» EXERCISE OBJECTIVE: Exactly reproduce the lines of the listing below from the one containing "Une cuisine moderne" through the one containing "Clear glass water". Skip the images.

[EXTRACTED ENTRIES Boundary: Start]

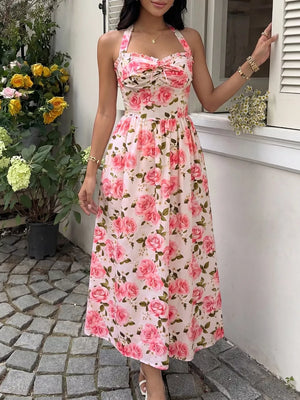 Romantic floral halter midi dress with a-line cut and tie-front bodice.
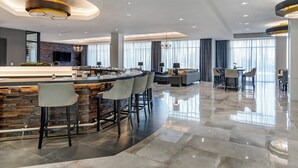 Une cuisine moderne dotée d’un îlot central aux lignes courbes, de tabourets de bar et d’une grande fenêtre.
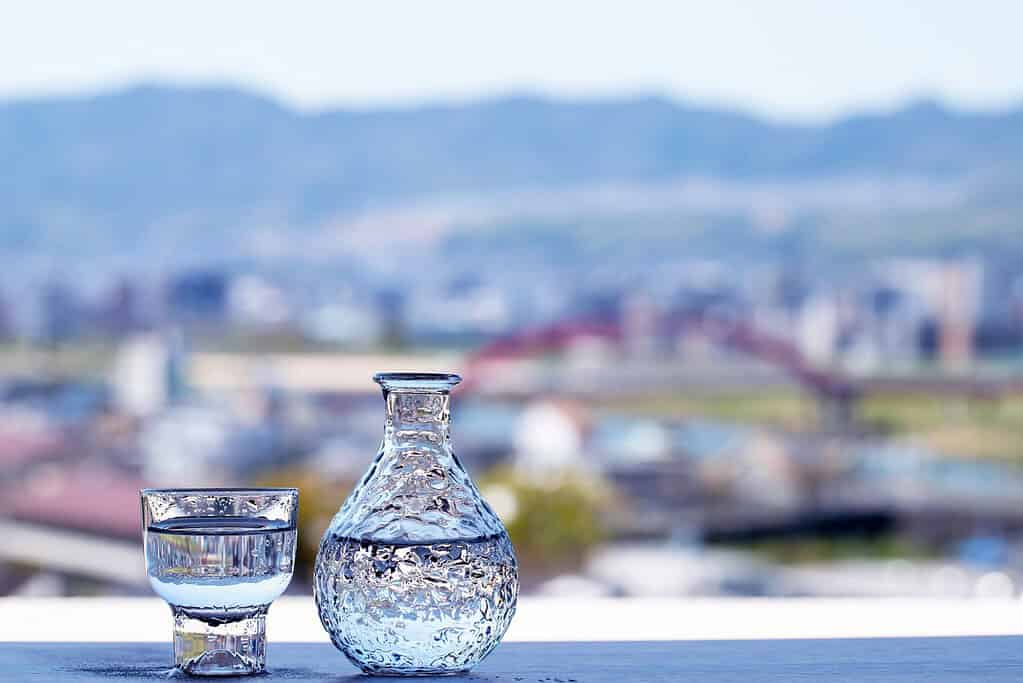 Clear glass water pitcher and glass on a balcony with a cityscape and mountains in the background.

[EXTRACTED ENTRIES Boundary: End]
[EXTRACTED ENTRIES Boundary: Start]

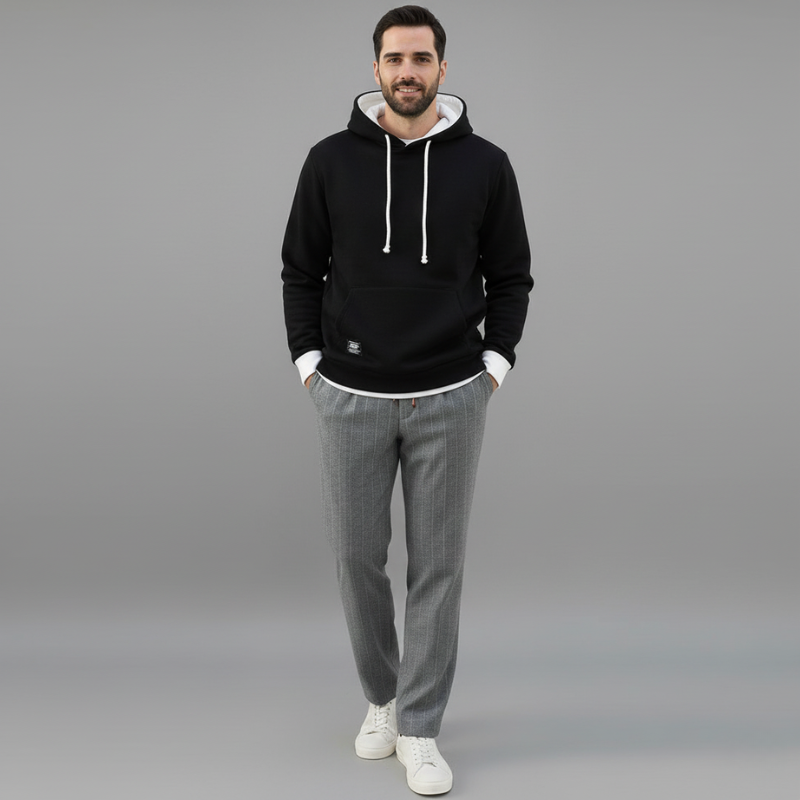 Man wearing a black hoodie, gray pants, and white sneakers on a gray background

[EXTRACTED ENTRIES Boundary: End]
[EXTRACTED ENTRIES Boundary: Start]

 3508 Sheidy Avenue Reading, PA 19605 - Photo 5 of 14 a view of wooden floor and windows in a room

[EXTRACTED ENTRIES Boundary: End]

» WRITTEN SOLUTION:
 Une cuisine moderne dotée d’un îlot central aux lignes courbes, de tabourets de bar et d’une grande fenêtre.
 Clear glass water pitcher and glass on a balcony with a cityscape and mountains in the background.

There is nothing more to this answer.